In the essay, he says: ‘Maybe the potency of all music, even of genuinely great music, derives at least some of its power, not just from the notes on the page, but from the sanctity of association. From the circumstances in which it was first heard, and from the memories it evokes ever after. In other words, it’s nostalgia in sound. A yearning for the past. Or, as the word itself means, a longing to return to some distant lost home.

‘Among 17th-century Swiss mercenary soldiers serving in foreign lands, the music of the Swiss alps summoned up such nostalgia that its public performance was banned, allegedly on pain on death lest it release a Pavlovian flood of desertions among the regiments.

‘I too have been banned from playing a piece of music for many years. And it’s this, Percy Granger’s wonderful arrangement of John Dowland’s ‘Now, oh now I needs must part’. The ban on my playing the piece luckily only extends to concert performances, not recording. More specifically, it only extends to concert performances where my wife is present because she can’t bear to listen to it.

‘As with the nostalgia of the Swiss soldiers, this is a ban by association. The reason that my wife can’t bear to hear this gloriously touching piece is entirely a personal one. I played it at her father’s funeral a number of years ago. He died all too soon and, for her, the piece is now indelibly overlaid with this association.

‘Some years later my own father died. I was in Germany at the time. When I heard the news I was on my way to a performance of Wagner’s ‘Twilight of the Gods’. The heavenly length of Wagner’s work gave me a good five hours to reflect on my father’s life and death. The infinitely uplifting ending did offer consolation, for our own lives carry on as the redemptive final chord dies away. My father would have wanted it that way. He was, himself, not much of a one for mourning.

‘My mother died very recently. She died with her favourite Gallic songs playing in the background by my own mind turned again to Dowland’s ‘Now, oh now I needs must part’. I reflected not just on her death, but on her life, which began in the first half of the 20th century – she was 90 when she died – and eddied well into the 21st.
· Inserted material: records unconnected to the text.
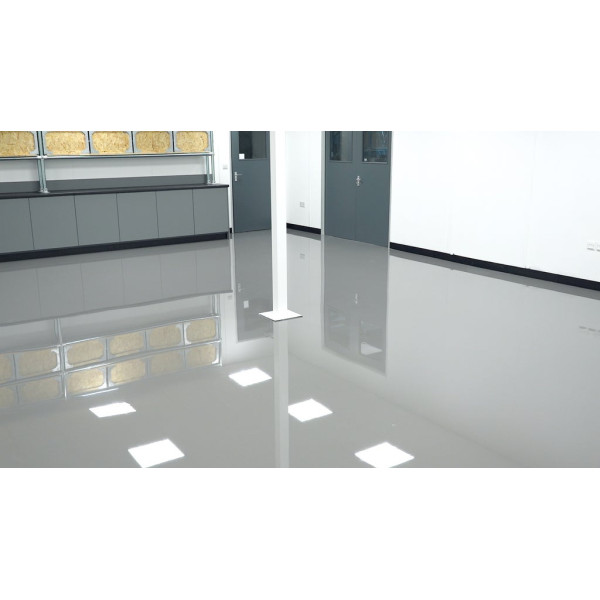 Rasina Autonivelanta Gri Deschis RAL 7035 25 Kg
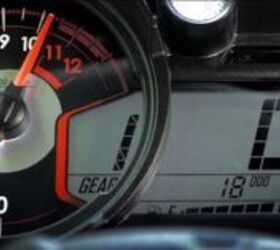 yamaha teases a new yxz sport utv video, Yamaha YXZ Gear Indicator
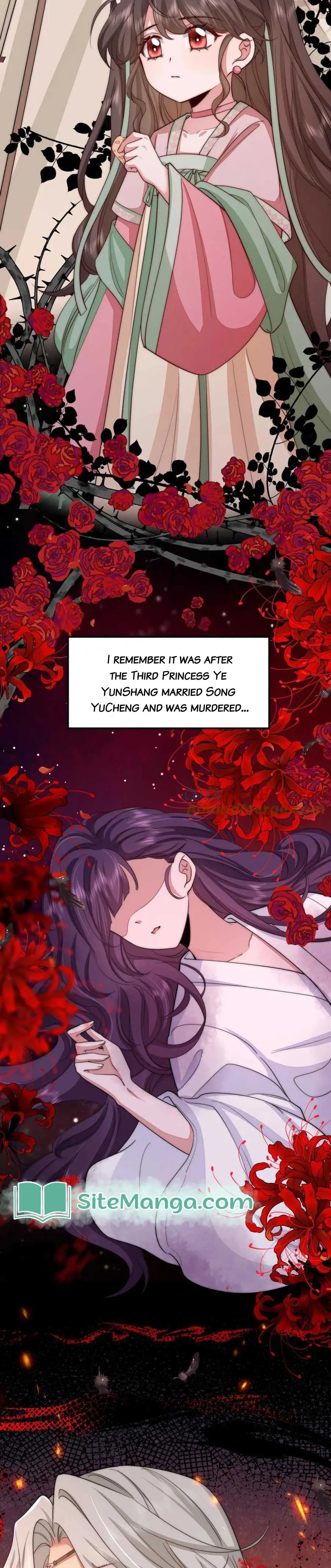 Surviving as a Tyrant's Daughter Chapter 134 Page 8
‘Grainger himself enjoyed playing the piece nightly in his house in White Plains, New York just before he went to bed. With the repeat of the melody, the basic tune survives. But it is now not couched in 16th century chords. Instead, it is cushioned in modern harmonies. A musical time travel that elicits a host of remembrances. A personal journey of reflection. Perhaps a mirror of my mother’s life journey from the 20th to the 21st century.

‘And yes, it’s sad, but it also offers the bracing bitter sweetness of nostalgia. Of the positive and the painful together. It is a haunting, melancholic yet strangely uplifting music. For his part, Grainger ends with an addition to Dowland’s piece. A close of joyously reflective nostalgia. Praise of a life lived, and of a life that will carry on. Whether that of children or grandchildren.

‘It brings me consolation, not because it lets me relive a now unreachable past, but because it reminds me to be thankful for it by personally carrying on and fulfilling some small part of the future. That’s the music’s legacy and, ultimately, that of my parents too.’

Sir Nicholas Kenyon paid tribute to the broadcast in the Observer, describing the piece as a "touching contribution […] a personal story of loss and death that reaches out from the radio. This is what broadcasting is all about."

In response to many requests from listeners of the show, Prima Facie records have released an advance copy of ‘Now, o now, I needs must part’, available to download for free.